Caption-style text data:
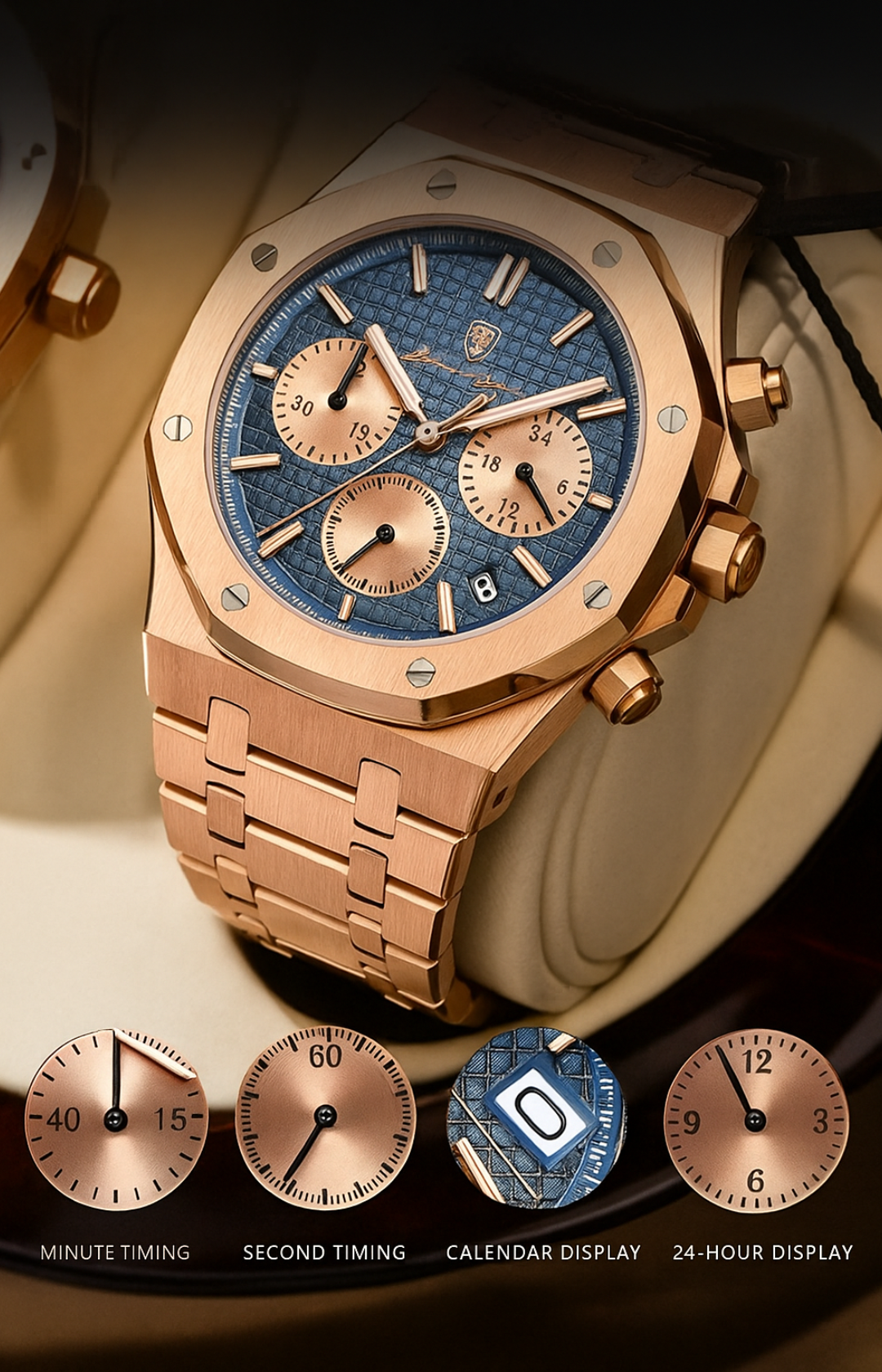SteelEdge Chrono – Men's Luxury Quartz Watch with Luminous Dial, Date Display & Waterproof Design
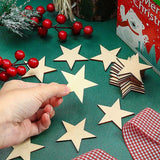 10Pcs Unfinished Star Wooden Cutouts for Craft Project and Party Decor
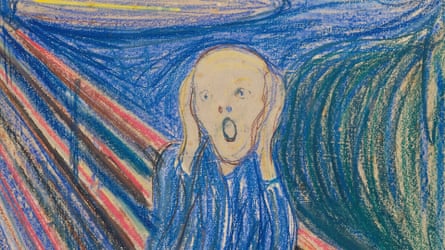 An early colour sketch of Munch’s The Scream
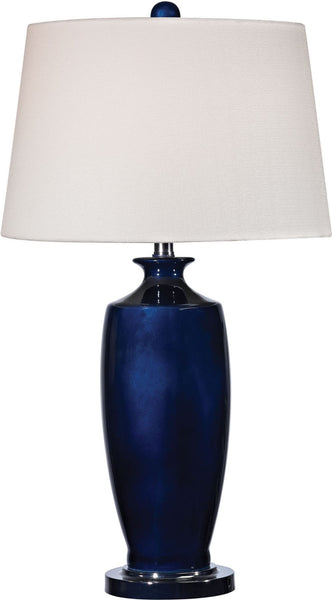 Halisham Ceramic Table Lamp In Navy Blue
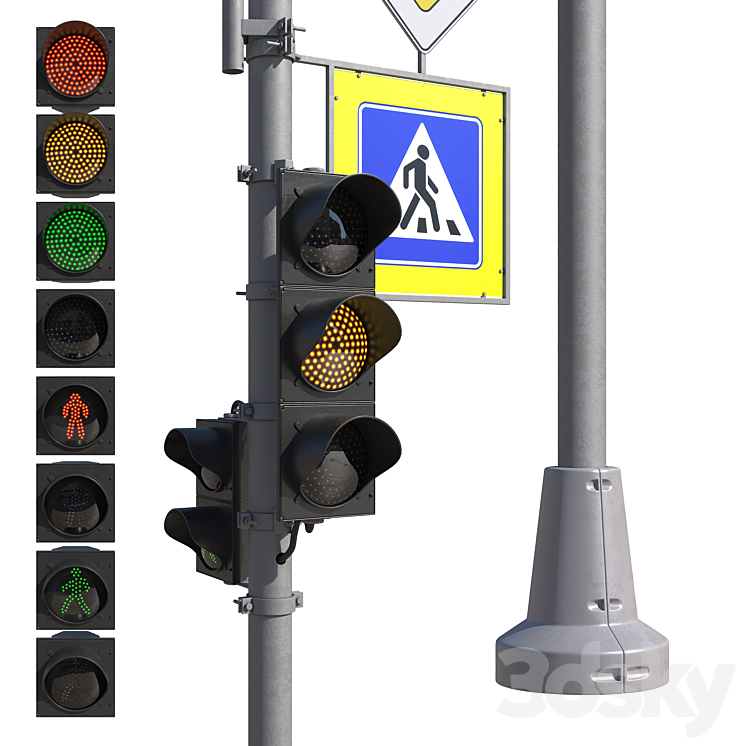 Traffic lights 3DS Max - thumbnail 2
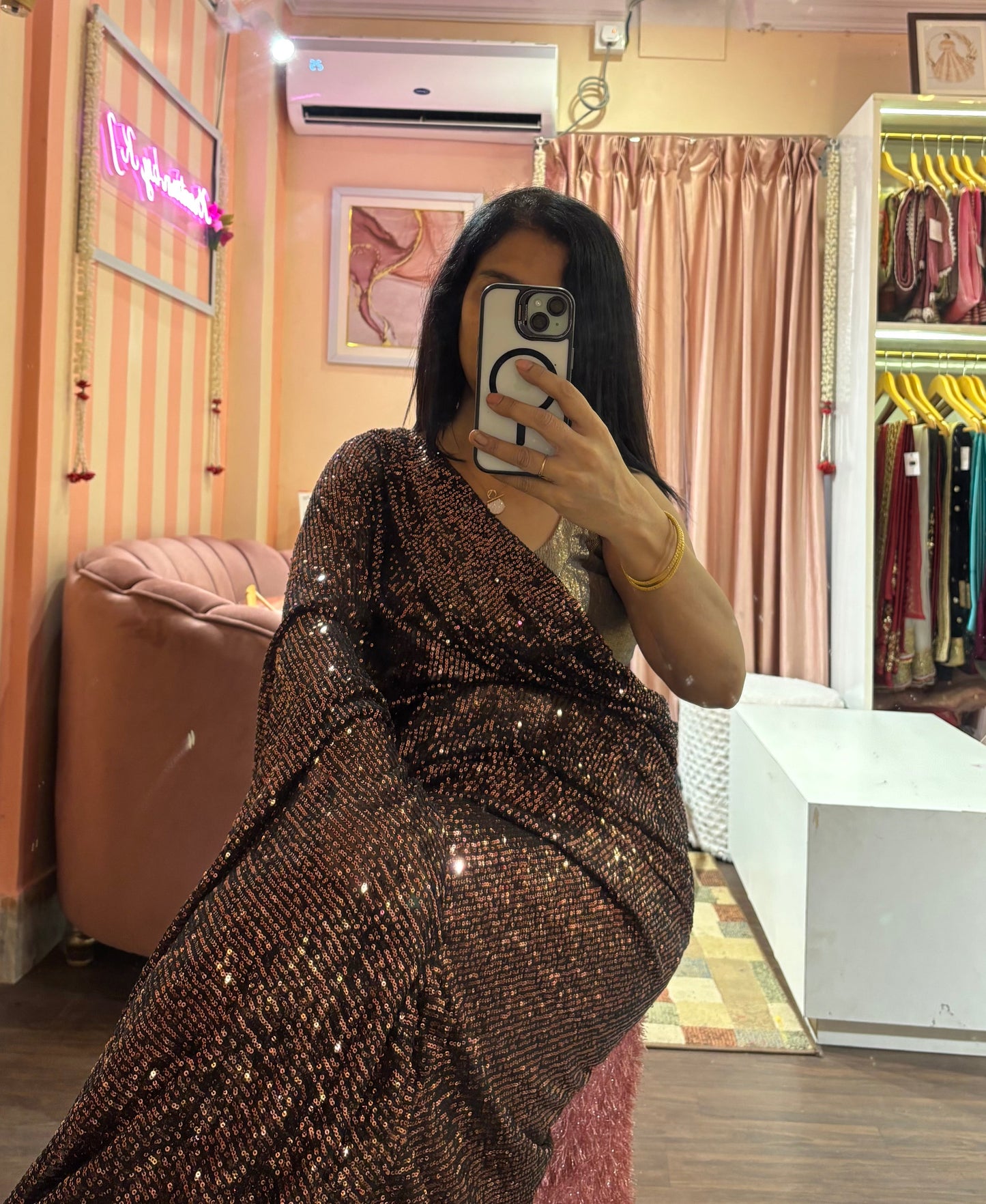 Molten Black Sequin Partywear Saree kreationbykj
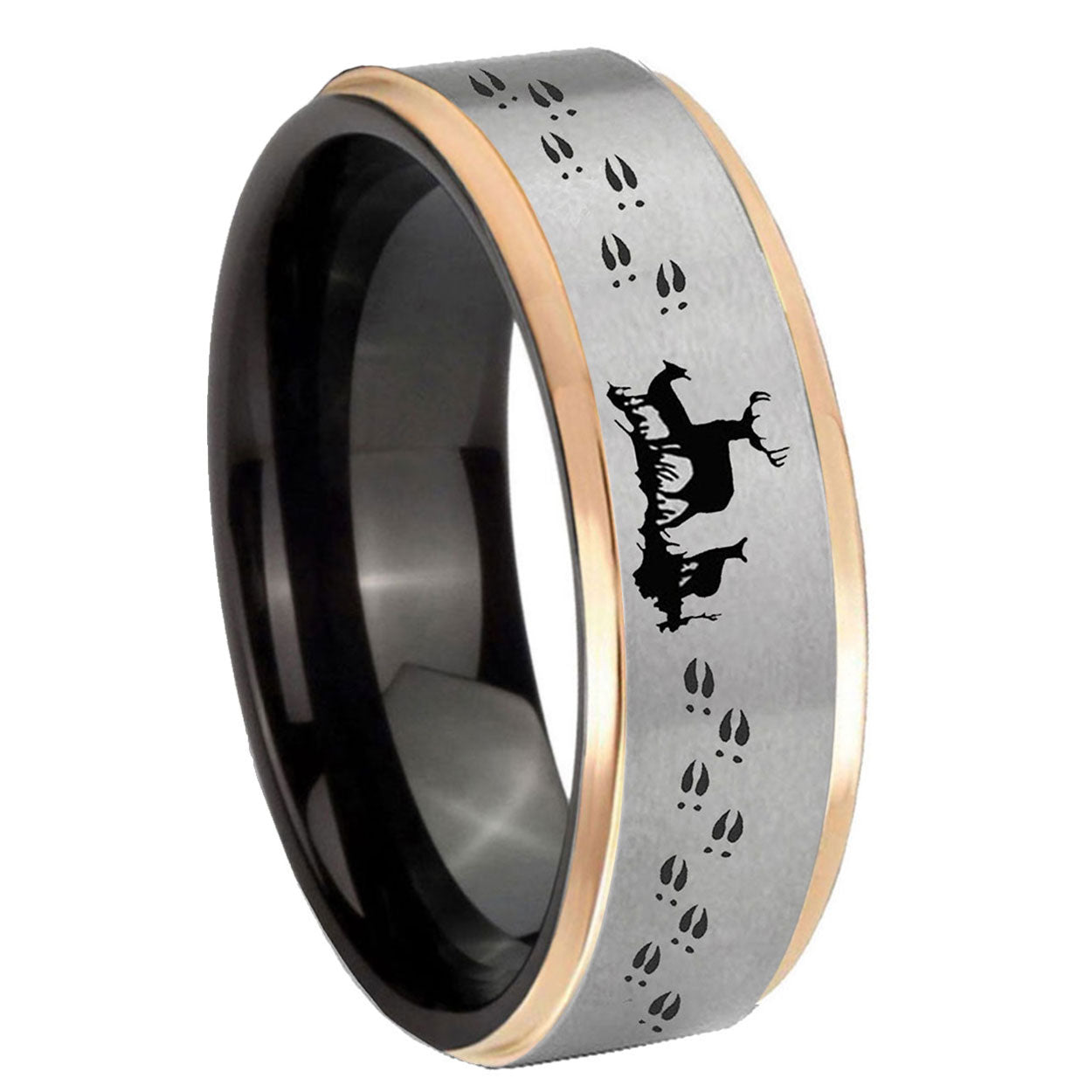 8mm Deer Hunting Rose Gold Step Edge Gray Tungsten Custom Ring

> _EXERCISE BRIEF_
Copy every record character for character. Skip the pictures.

> _ANSWER SECTION_
SteelEdge Chrono – Men's Luxury Quartz Watch with Luminous Dial, Date Display & Waterproof Design
 10Pcs Unfinished Star Wooden Cutouts for Craft Project and Party Decor
 An early colour sketch of Munch’s The Scream
 Halisham Ceramic Table Lamp In Navy Blue
 Traffic lights 3DS Max - thumbnail 2
 Molten Black Sequin Partywear Saree kreationbykj
 8mm Deer Hunting Rose Gold Step Edge Gray Tungsten Custom Ring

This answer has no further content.